Apel do Ministra Środowiska o rzetelne informowanie o wysokim zanieczyszczeniu powietrza
Jaki poziom zanieczyszczenia powietrza w Polsce prowadzi do ogłoszenia alarmu smogowego? Czterokrotnie wyższy niż we Francji i trzykrotnie wyższy niż na Węgrzech. Czy płuca Polaków i Polek są bardziej odporne niż płuca Francuzów lub Węgrów?
Polska ma najbardziej liberalne zasady co do informowania społeczeństwa o zanieczyszczeniu powietrza spośród krajów Unii Europejskiej.
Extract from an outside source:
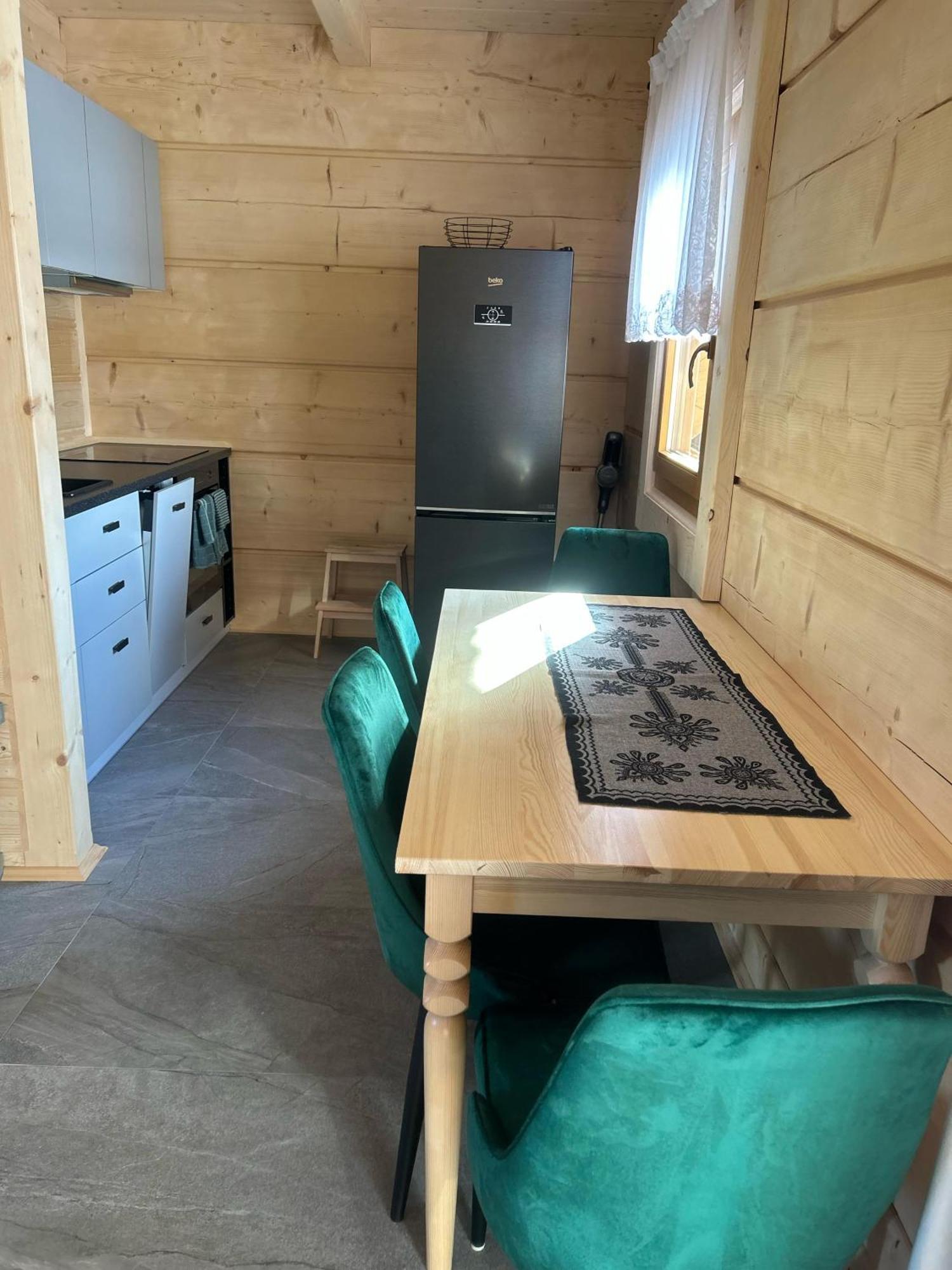 Ciche Chalpy Pod Ostryszem别墅 外观 照片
Jednocześnie, nasz kraj posiada najgorsze powietrze w całej UE. To co w innych krajach uchodzi za stan alarmowy, zagrażający zdrowiu, przez polskie prawo jest uznawane za stan akceptowalny.
Polski Alarm Smogowy oraz Akcja Demokracja wystosowały dziś apel do Ministra Środowiska o obniżenie progów przy których wprowadzany jest alarm smogowy w Polsce i dostosowanie ich do analogicznych progów w pozostałych krajach Unii Europejskiej.
Poziom alarmowy dla pyłu zawieszonego PM10 jest w Polsce dwukrotnie wyższy niż na Słowacji, trzykrotnie wyższy niż na Węgrzech i w Czechach i aż czterokrotnie wyższy niż we Francji (w Polsce to 300 µg/m3, we Francji 80 µg/m3).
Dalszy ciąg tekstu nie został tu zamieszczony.